═══ INPUT DATA ═══
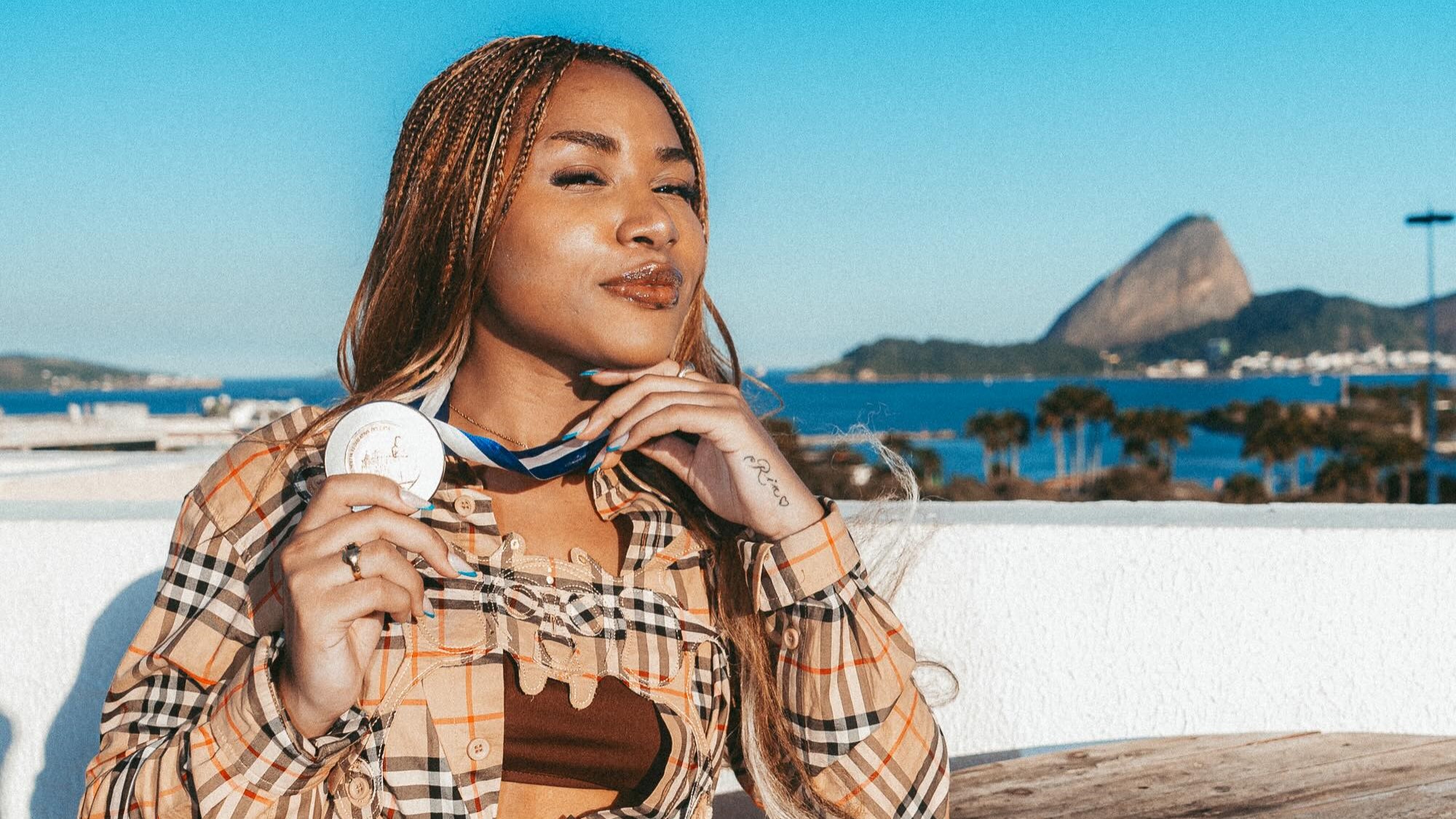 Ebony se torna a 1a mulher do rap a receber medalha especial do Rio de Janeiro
═══
═══ INPUT DATA ═══
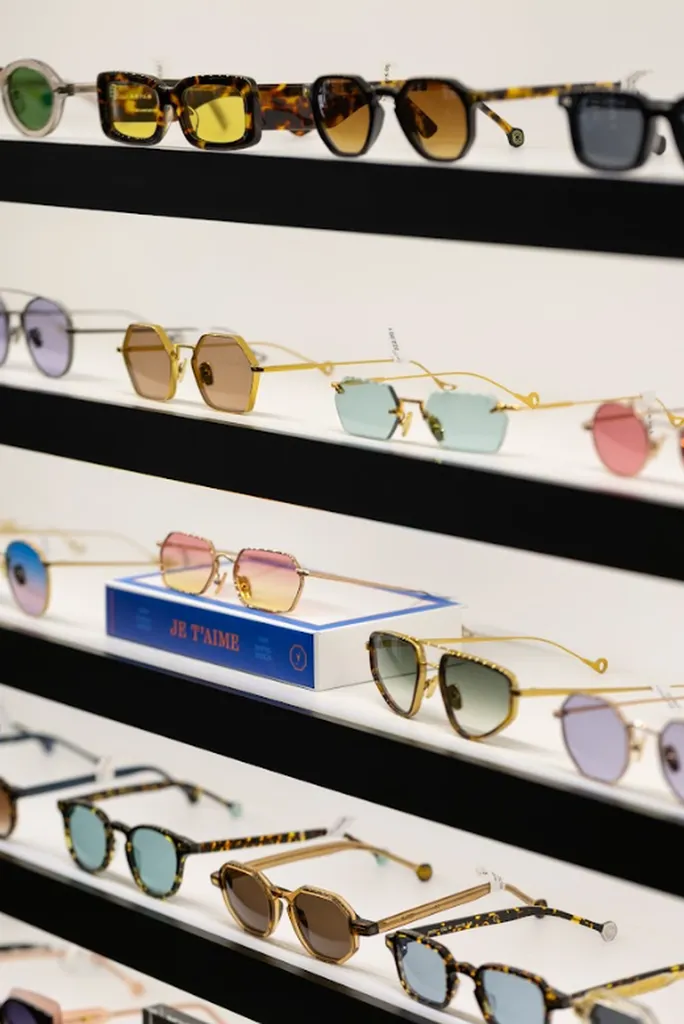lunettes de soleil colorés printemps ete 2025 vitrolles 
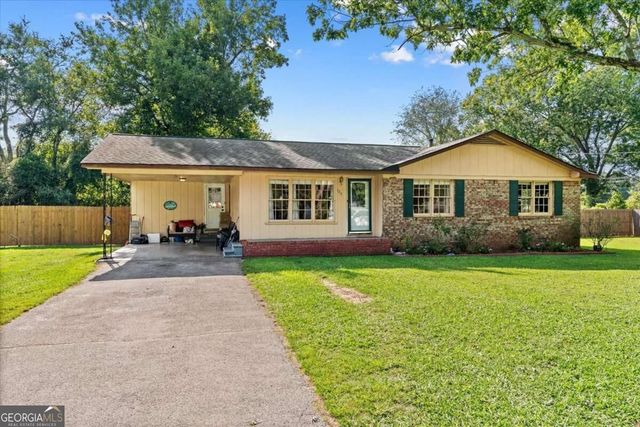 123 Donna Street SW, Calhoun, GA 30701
═══
§ TASK DESCRIPTION:
Only the lines above from the one containing "lunettes de soleil" through the one containing "123 Donna Street SW, Calhoun, GA 30701" should be returned, verbatim and inclusive, with pictures excluded.

§ FINISHED EXERCISE:
lunettes de soleil colorés printemps ete 2025 vitrolles 
 123 Donna Street SW, Calhoun, GA 30701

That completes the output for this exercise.